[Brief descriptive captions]
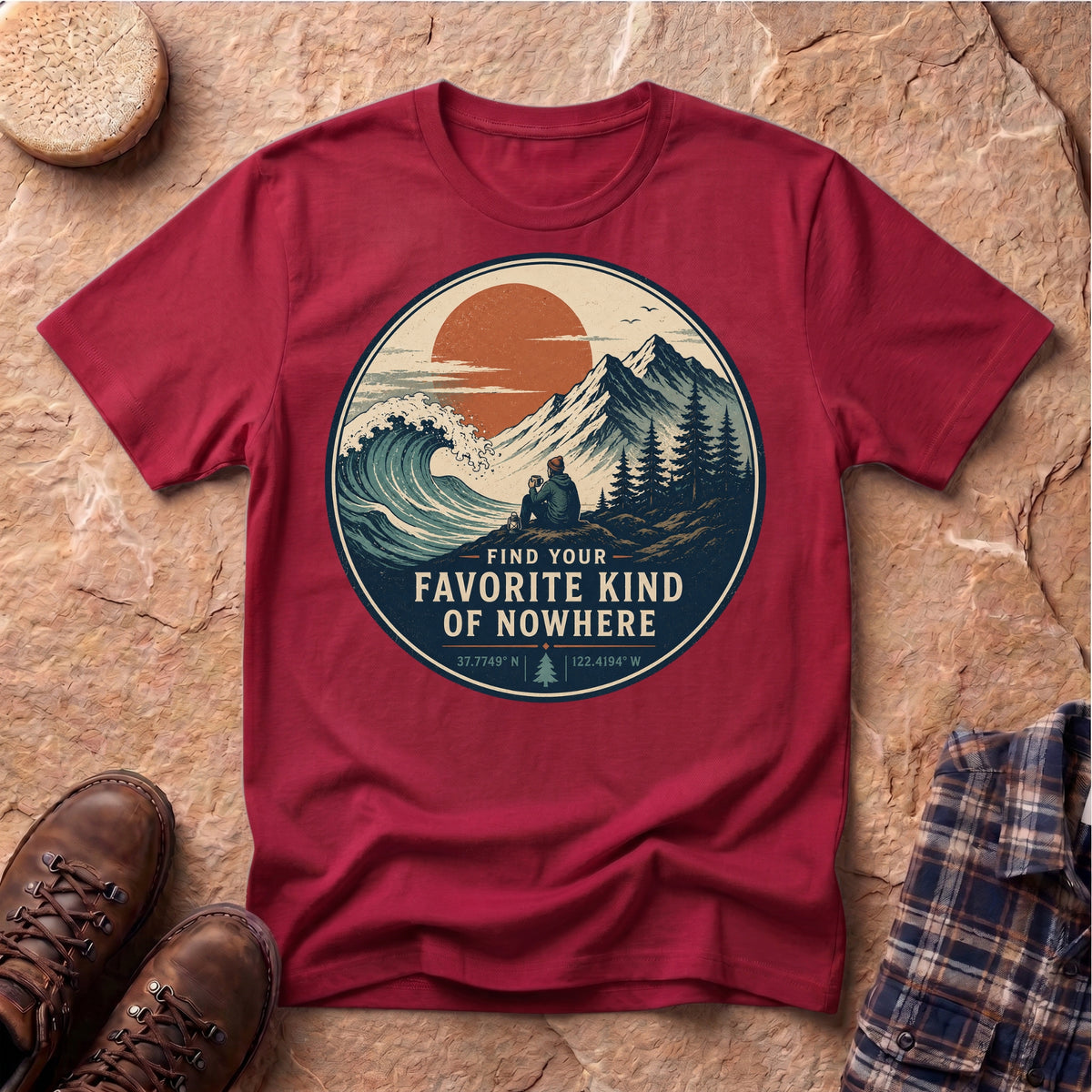 Favorite Nowhere Unisex T-Shirt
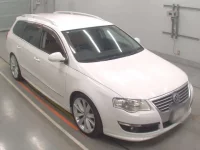 Volkswagen PASSAT VARIANT лот № 38170 оценка 4  с аукциона в Японии 4
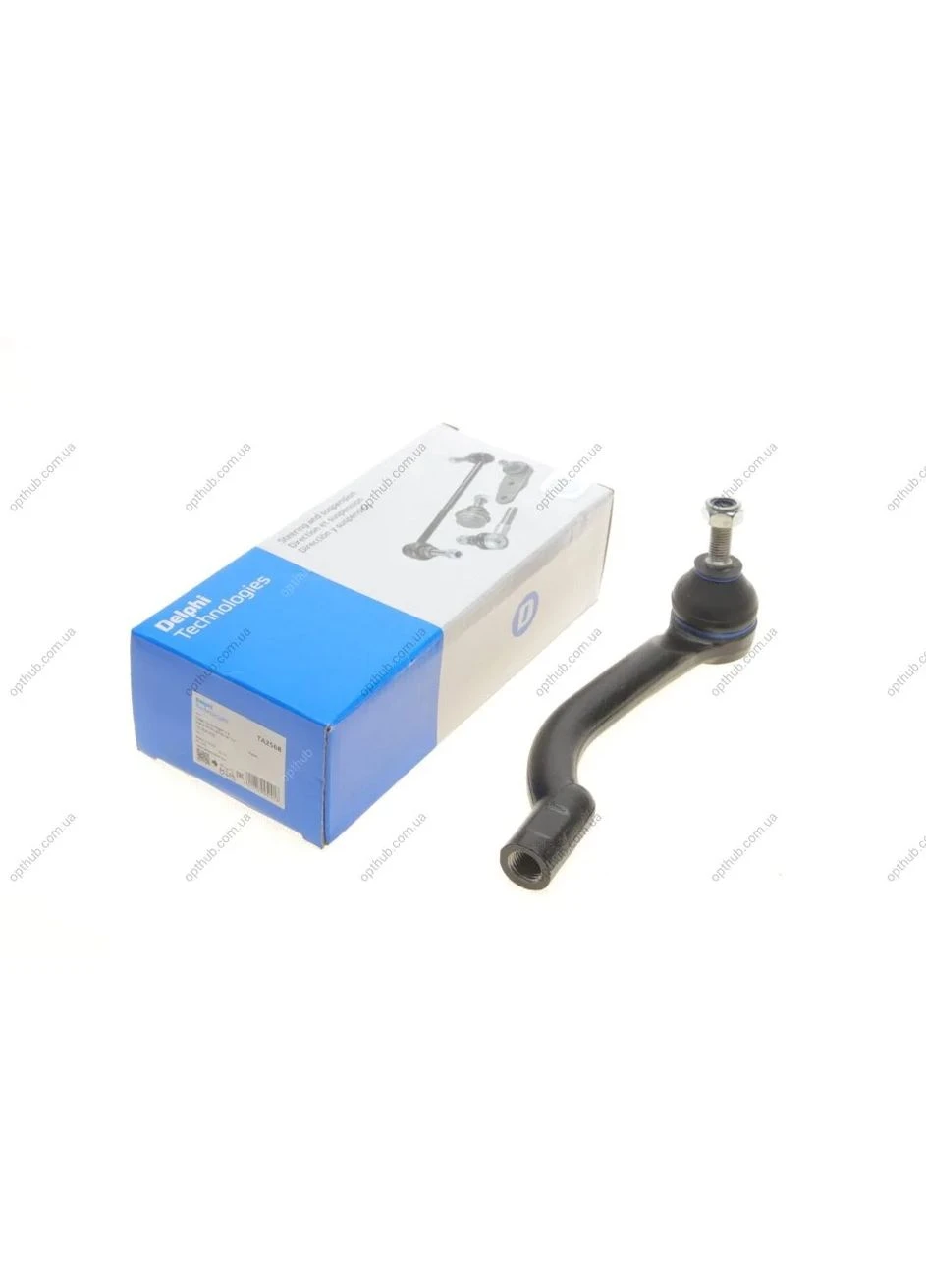 Наконечник рульової тяги NISSAN QASHQAI J10, JJ10 TA2568-ua Delphi (366184979)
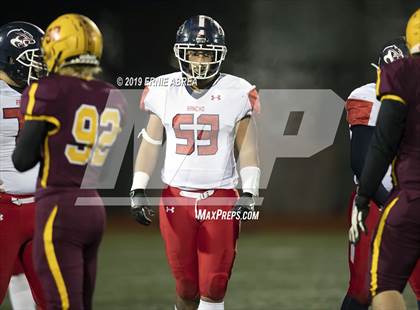 Thumbnail 2 in Las Lomas vs. Rancho Cotate (CIF NCS D3 Final) photogallery.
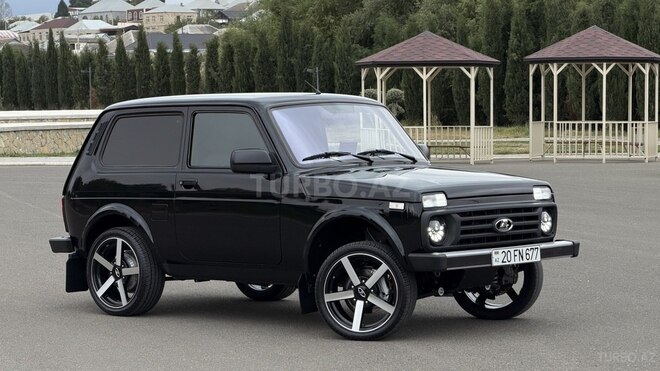 LADA (VAZ) Niva 2025, 11,700 km - 1.7 l - Gəncə
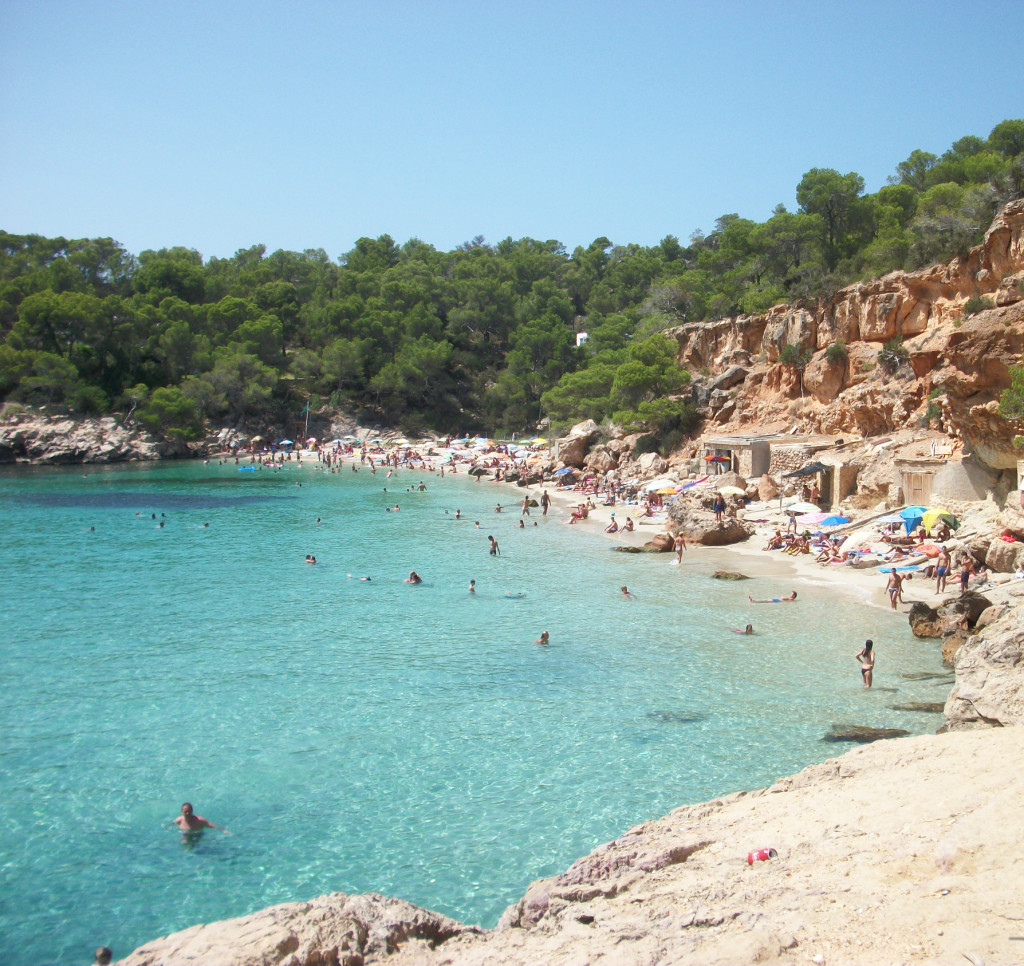 Cala Salada, Ibiza
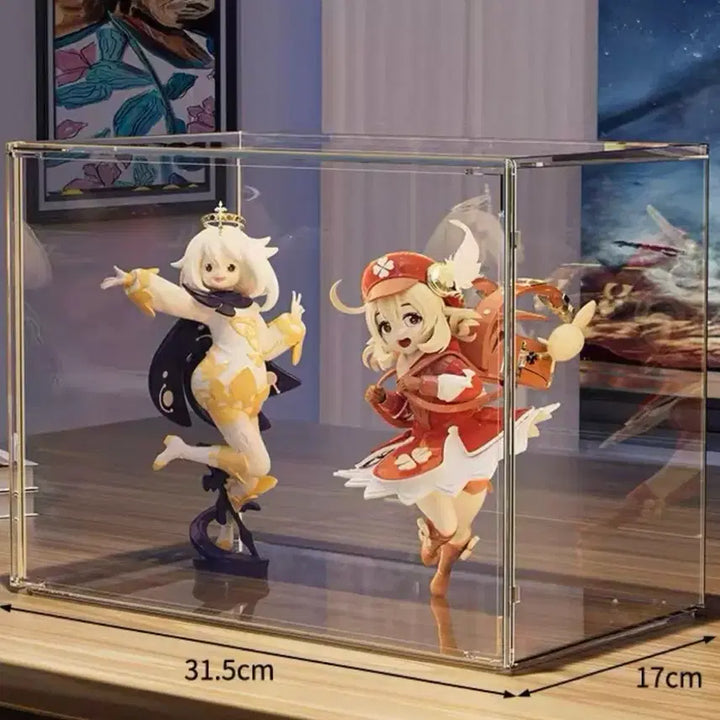 [BUNJANG] Figure Acrylic Display Cabinet Showcase Storage Box / 피규어 인형 단행본 아크릴 장식장 전시장 진열장 보관함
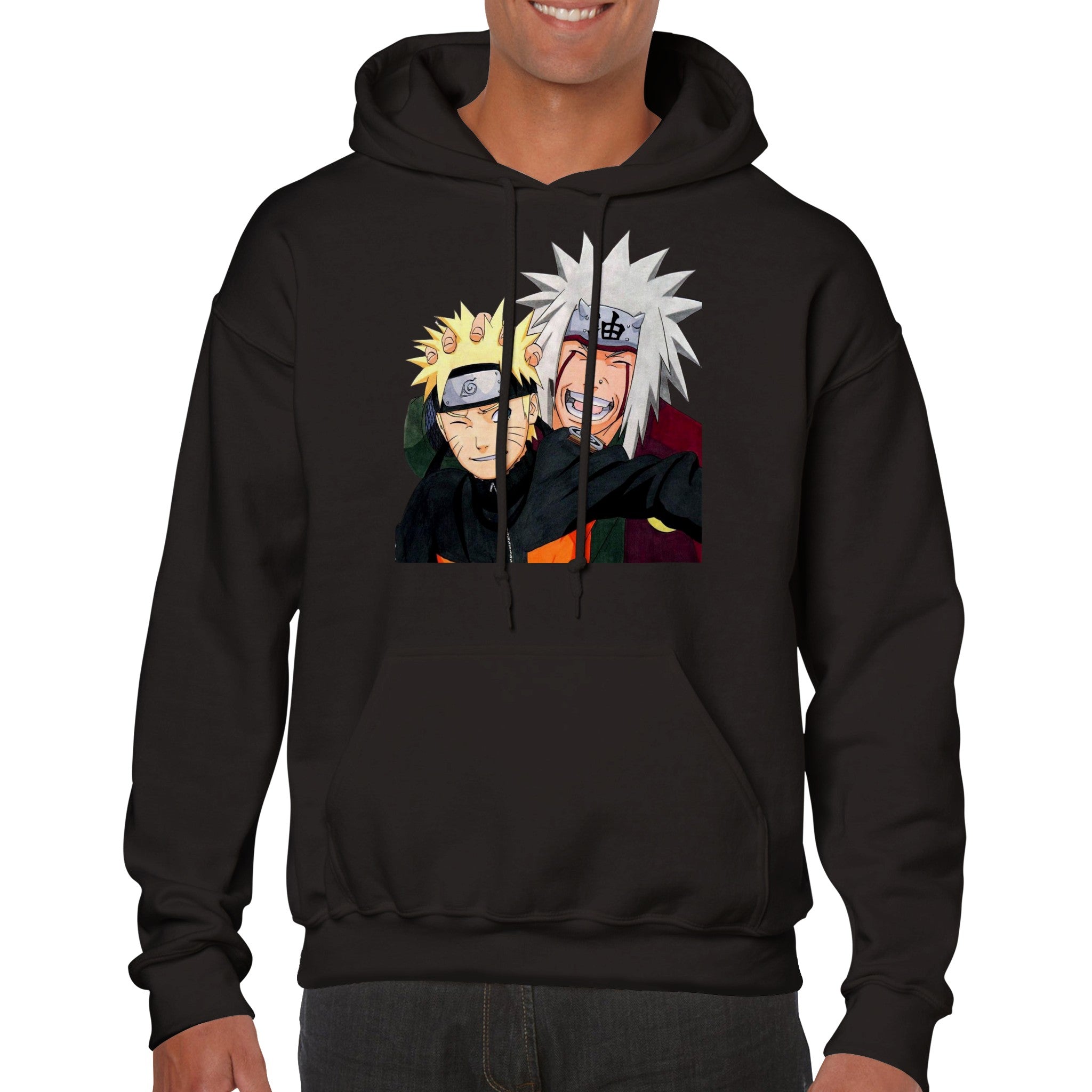 Naruto | Jiraiya & Naruto | Anime Hoodie (Unisex)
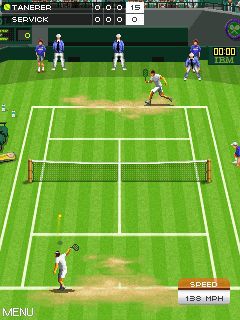 Free download java game Wimbledon 2008 on your mobile phone! Image №2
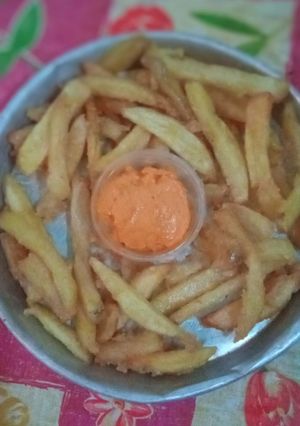 Foto resep French fries 🍟
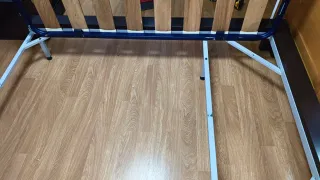 Somier y estructura cama 135x190
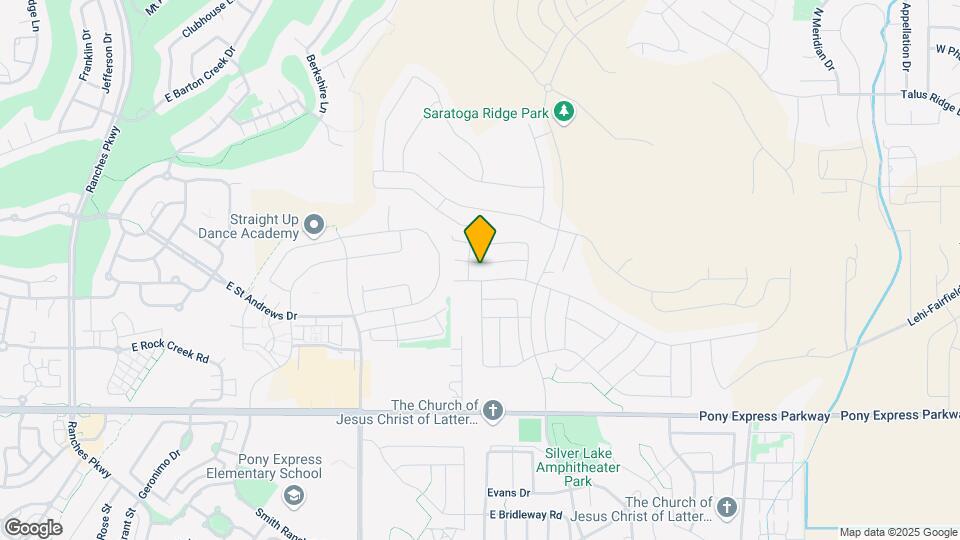 1809 W Terra Vista Ln Map and Location Details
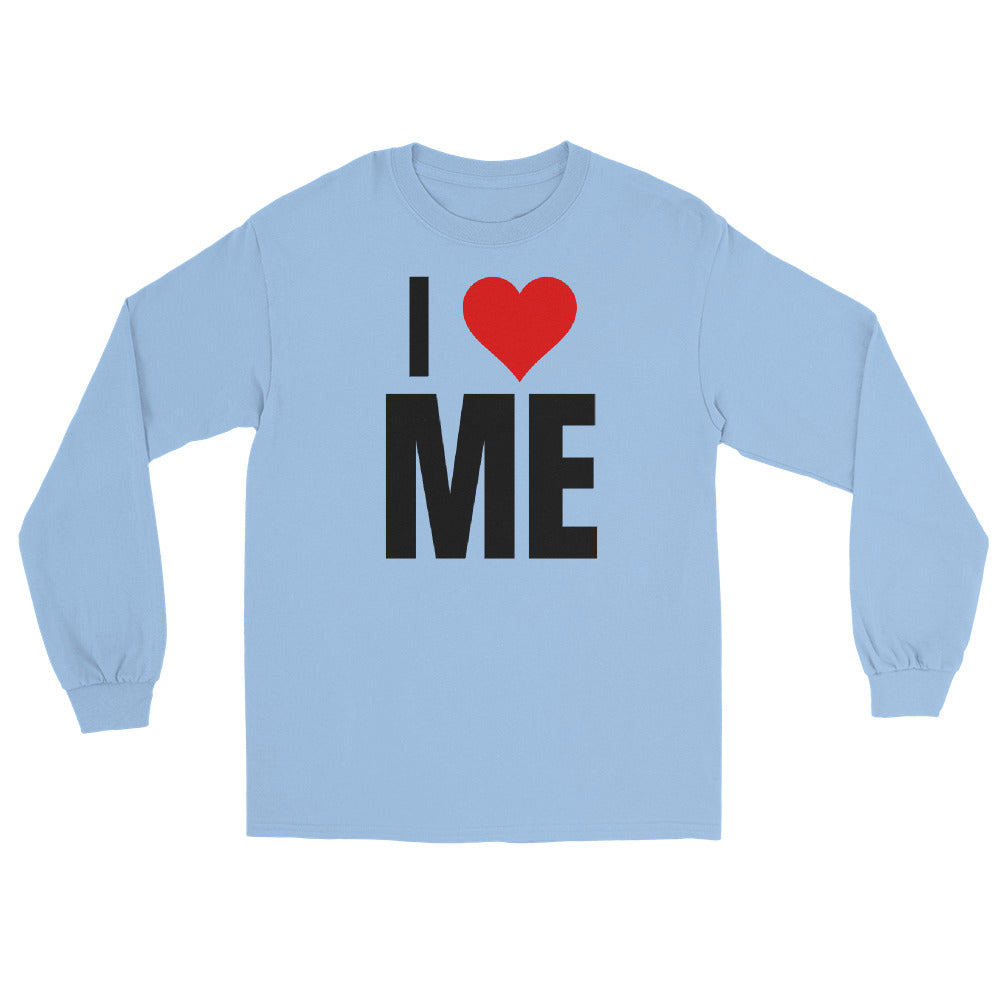 I LOVE ME BLK Long Sleeve Shirt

◆ EXERCISE PROMPT
Using the data above, give again exactly the lines starting at the one holding "Volkswagen PASSAT VARIANT" and ending at the one holding "Cala Salada, Ibiza", inclusive, and nothing more. Omit the pictures.

◆ OUTPUT
 Volkswagen PASSAT VARIANT лот № 38170 оценка 4  с аукциона в Японии 4
 Наконечник рульової тяги NISSAN QASHQAI J10, JJ10 TA2568-ua Delphi (366184979)
 Thumbnail 2 in Las Lomas vs. Rancho Cotate (CIF NCS D3 Final) photogallery.
 LADA (VAZ) Niva 2025, 11,700 km - 1.7 l - Gəncə
 Cala Salada, Ibiza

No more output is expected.